We think you need these skills to ace Research Data Scientist
Some tips for your application 🫡
Tailor Your CV: Make sure your CV is tailored to the Research Data Scientist role. Highlight relevant experience, especially in machine learning and programming, and don’t forget to showcase any projects that demonstrate your skills!
Craft a Compelling Cover Letter: Your cover letter is your chance to shine! Use it to explain why you’re passionate about data science and how your background aligns with dunnhumby’s mission. Keep it engaging and personal – we want to see your personality!
Showcase Your Skills: Don’t just list your skills; show us how you’ve used them! Include specific examples of projects or challenges where you applied machine learning techniques or programming languages like Python. We love seeing real-world applications!
Apply Through Our Website: We encourage you to apply through our website for a smoother process. It helps us keep track of your application and ensures you get all the updates directly from us. Plus, it’s super easy!
How to prepare for a job interview at hackajob
✨Know Your Machine Learning Stuff
Make sure you brush up on your machine learning techniques, especially those mentioned in the job description like regularised regression and clustering. Be ready to discuss how you've applied these methods in past projects or how you would approach a specific problem using them.
✨Show Off Your Coding Skills
Since programming is key for this role, practice coding in Python and get familiar with libraries like Pandas and scikit-learn.

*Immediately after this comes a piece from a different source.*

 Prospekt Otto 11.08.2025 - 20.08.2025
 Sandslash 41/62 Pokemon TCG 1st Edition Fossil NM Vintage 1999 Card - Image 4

You might be asked to solve a coding challenge during the interview, so being comfortable with data manipulation and analysis will give you an edge.
✨Prepare to Present
You'll need to present your findings to both technical and non-technical audiences, so practice explaining complex concepts in simple terms. Think of examples from your experience where you successfully communicated your results and how they impacted decision-making.
✨Understand Dunnhumby's Culture
Familiarise yourself with dunnhumby’s values and their approach to customer data science. Show enthusiasm for their mission and be prepared to discuss how you can contribute to their goals, especially in areas like insight automation and product assortment.